Today, 17:13
Thanks for looking through the code. I knew I had to eventually remove LINQ but I don't think I'm using it at some very critical places. Right now, the most work seems to be in counting the words and ranking.
Thanks for the heads up for foreach loops, I didn't know they were more expensive than for's.
The architecture is pretty ok for now, it's like LINQ but async (using IAsyncEnumerable). I've thought it might be slowing me down but it's actually not. It's processing data in blocks and I'm testing it for optimality for the block size being the full filesize, so all the data only travels the pipeline once.
The slow-down comes from calculating the dictionary, when we have it, parsing and serializing dictionary is pretty fast.
What the rank (as per the latest version) calculates is the difference in bits used to encode the string. So if the dictionary size is 256, 8 bits would be needed per word and the ranking would be analogous to (n-1)*s for n=word size, s=occurences. (I'd rather work with l and c for length and count)

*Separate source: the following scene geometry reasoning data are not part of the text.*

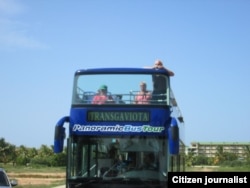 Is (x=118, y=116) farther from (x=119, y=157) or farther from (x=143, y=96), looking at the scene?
(x=119, y=157)

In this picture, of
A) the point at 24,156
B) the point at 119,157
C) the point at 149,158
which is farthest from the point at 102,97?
the point at 24,156

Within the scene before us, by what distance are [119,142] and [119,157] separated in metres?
0.36

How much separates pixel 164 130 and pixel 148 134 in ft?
1.26

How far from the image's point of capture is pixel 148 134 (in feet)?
39.3

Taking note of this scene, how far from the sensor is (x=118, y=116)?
12.2 metres

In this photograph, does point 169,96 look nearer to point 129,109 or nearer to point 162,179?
point 129,109

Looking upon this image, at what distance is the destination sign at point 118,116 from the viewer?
1209cm

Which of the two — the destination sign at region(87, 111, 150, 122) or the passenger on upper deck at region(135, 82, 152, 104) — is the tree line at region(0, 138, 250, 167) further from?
the destination sign at region(87, 111, 150, 122)

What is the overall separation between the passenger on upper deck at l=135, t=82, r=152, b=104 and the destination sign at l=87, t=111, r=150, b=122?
334mm

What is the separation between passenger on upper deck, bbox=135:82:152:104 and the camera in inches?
485

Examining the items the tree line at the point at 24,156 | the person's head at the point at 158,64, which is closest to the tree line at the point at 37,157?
the tree line at the point at 24,156

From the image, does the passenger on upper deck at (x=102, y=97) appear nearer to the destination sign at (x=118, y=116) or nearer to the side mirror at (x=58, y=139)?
the destination sign at (x=118, y=116)

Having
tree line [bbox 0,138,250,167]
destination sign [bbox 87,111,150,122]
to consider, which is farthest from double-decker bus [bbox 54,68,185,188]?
tree line [bbox 0,138,250,167]

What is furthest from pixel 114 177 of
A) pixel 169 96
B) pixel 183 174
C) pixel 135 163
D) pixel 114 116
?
pixel 183 174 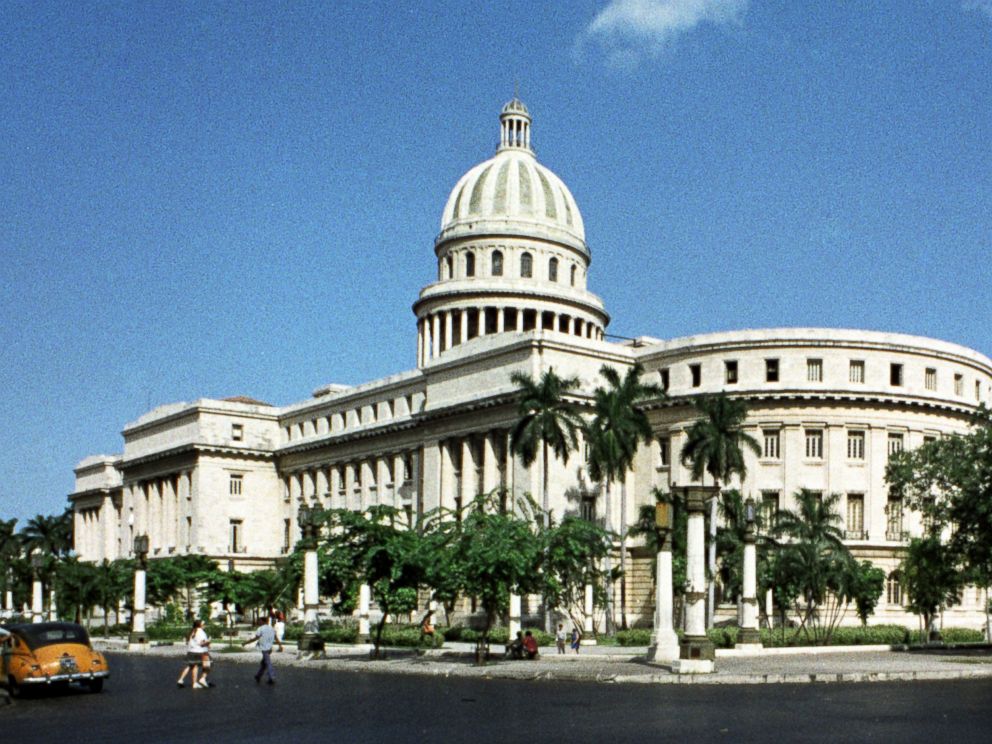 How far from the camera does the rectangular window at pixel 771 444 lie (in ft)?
258

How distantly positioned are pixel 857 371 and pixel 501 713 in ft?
189

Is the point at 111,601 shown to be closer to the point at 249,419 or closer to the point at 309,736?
the point at 249,419

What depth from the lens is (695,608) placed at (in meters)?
37.9

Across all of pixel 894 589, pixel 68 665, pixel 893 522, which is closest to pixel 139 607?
pixel 68 665

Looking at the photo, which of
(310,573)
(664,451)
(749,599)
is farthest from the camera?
(664,451)

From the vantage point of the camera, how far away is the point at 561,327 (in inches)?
4409

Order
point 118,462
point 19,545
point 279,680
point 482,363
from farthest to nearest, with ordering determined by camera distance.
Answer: point 19,545
point 118,462
point 482,363
point 279,680

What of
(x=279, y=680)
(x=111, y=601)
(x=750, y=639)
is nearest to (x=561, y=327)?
(x=111, y=601)

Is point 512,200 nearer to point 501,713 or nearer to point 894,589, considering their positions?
point 894,589

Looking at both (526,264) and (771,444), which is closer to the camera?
(771,444)

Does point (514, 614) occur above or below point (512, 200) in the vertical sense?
below

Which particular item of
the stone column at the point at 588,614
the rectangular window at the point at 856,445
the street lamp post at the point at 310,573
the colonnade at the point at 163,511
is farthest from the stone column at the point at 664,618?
the colonnade at the point at 163,511

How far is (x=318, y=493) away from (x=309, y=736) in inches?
3440

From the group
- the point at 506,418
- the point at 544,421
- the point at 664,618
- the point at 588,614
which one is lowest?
the point at 588,614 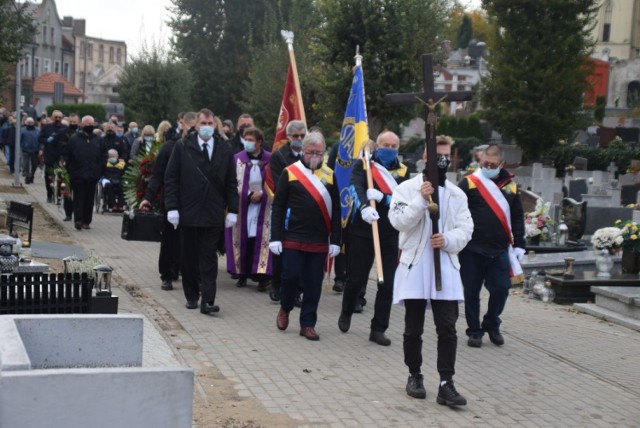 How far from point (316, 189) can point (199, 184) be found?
1.41 m

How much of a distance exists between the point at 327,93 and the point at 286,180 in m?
15.4

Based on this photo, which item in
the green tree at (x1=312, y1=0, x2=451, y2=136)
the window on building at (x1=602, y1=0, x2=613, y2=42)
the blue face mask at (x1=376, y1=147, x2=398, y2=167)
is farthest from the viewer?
the window on building at (x1=602, y1=0, x2=613, y2=42)

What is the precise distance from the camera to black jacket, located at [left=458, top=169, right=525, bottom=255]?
9891mm

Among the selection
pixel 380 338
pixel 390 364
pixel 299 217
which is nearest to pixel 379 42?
pixel 299 217

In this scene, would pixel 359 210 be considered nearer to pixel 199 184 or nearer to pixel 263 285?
pixel 199 184

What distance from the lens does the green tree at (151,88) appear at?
36125mm

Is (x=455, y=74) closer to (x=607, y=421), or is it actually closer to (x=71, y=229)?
(x=71, y=229)

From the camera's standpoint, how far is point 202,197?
10680 mm

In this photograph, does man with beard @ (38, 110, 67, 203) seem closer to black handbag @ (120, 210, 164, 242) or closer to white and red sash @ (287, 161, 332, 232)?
black handbag @ (120, 210, 164, 242)

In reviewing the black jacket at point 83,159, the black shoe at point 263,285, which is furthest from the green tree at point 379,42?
the black shoe at point 263,285

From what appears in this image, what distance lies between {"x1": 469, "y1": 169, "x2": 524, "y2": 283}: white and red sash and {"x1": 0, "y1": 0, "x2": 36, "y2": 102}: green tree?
13608 millimetres

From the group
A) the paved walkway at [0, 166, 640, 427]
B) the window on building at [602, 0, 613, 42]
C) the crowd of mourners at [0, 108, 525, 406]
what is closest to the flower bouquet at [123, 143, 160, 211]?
the crowd of mourners at [0, 108, 525, 406]

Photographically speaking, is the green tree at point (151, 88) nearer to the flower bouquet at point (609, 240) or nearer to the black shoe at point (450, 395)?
the flower bouquet at point (609, 240)

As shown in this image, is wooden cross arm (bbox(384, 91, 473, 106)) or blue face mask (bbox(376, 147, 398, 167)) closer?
wooden cross arm (bbox(384, 91, 473, 106)) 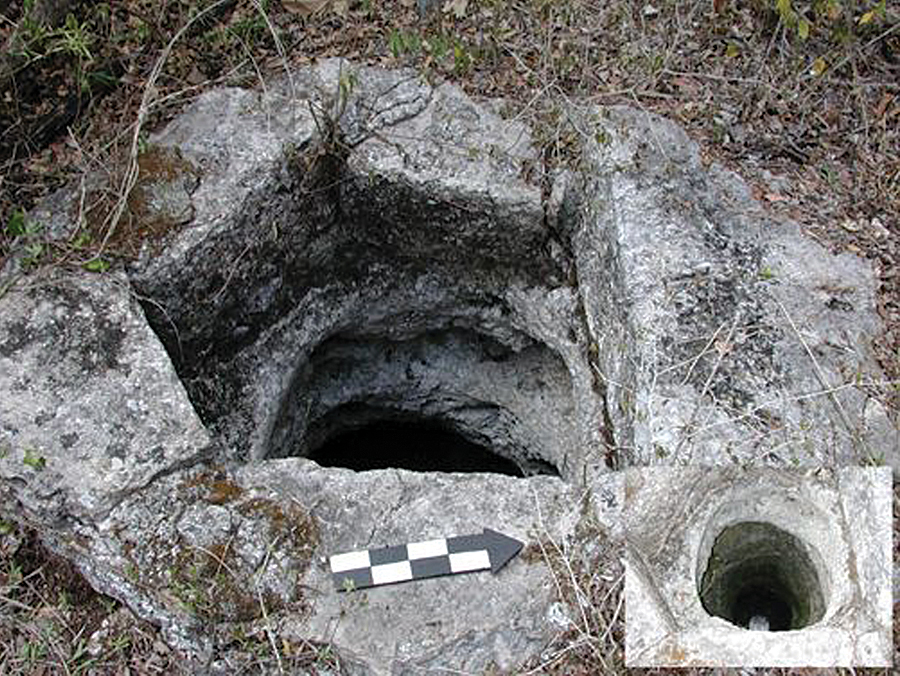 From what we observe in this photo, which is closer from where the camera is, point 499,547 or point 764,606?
point 499,547

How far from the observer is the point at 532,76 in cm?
400

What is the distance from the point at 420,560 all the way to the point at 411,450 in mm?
2429

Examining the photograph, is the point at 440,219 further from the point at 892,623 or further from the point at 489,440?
the point at 892,623

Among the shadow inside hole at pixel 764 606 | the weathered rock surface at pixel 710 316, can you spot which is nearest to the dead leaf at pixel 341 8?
the weathered rock surface at pixel 710 316

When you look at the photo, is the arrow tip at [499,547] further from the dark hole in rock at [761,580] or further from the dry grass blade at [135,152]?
the dry grass blade at [135,152]

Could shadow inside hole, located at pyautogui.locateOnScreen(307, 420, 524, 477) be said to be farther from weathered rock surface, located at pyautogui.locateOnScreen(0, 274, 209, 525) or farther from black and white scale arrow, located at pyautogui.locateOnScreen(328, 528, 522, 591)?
black and white scale arrow, located at pyautogui.locateOnScreen(328, 528, 522, 591)

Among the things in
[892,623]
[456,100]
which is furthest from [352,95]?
[892,623]

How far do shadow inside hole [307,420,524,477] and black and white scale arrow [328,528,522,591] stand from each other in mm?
2124

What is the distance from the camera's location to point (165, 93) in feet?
12.9

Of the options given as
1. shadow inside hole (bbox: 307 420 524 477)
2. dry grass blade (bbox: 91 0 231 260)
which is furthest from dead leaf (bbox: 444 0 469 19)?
shadow inside hole (bbox: 307 420 524 477)

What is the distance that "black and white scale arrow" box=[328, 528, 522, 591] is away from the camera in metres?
2.95

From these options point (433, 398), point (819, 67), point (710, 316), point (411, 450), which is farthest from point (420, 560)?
point (411, 450)

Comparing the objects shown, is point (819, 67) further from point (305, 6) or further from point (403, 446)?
point (403, 446)

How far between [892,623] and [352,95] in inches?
95.3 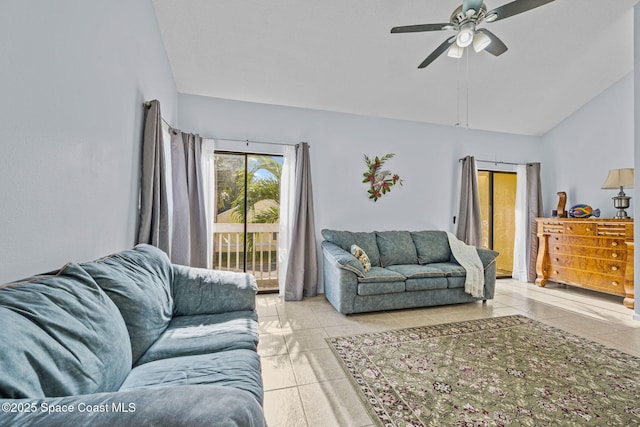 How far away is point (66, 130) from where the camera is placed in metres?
1.34

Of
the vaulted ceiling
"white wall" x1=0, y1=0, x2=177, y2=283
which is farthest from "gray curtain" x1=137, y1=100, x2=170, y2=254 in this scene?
the vaulted ceiling

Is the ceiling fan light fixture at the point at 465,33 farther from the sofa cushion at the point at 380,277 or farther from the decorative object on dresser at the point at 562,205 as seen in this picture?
the decorative object on dresser at the point at 562,205

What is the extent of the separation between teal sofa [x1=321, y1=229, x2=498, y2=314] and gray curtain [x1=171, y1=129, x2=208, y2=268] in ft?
5.20

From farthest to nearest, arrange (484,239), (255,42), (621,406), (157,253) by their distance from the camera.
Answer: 1. (484,239)
2. (255,42)
3. (157,253)
4. (621,406)

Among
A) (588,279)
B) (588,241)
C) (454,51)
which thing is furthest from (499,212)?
(454,51)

In your example, the weights are correct and the savings in bytes are the same as the rank. The whole ranking system is greedy in this way.
It will prefer:
"the" -> rank=2000
"rabbit" -> rank=175
"lion" -> rank=105
"and" -> rank=70
"fox" -> rank=70
total = 2420
The ranks here only being from the top of my head.
The non-greedy variation you have in mind looks something like:
"the fox and the rabbit and the lion" -> rank=1225
"the" -> rank=2000
total = 3225
I have actually thought a lot about this and it's not a problem of the ranking function itself, at least not it's primitive variation. No mathematical formula can solve the greediness, there's always going to be some example where if we switch the order, we'll get a better result.
It's a problem of choosing the best word from the ranking. Instead of greedy-ly choosing the highest ranked word, we can look ahead (in time) and calculate the ranks of future words, then choose the optimal branch. It becomes a look-ahead tree.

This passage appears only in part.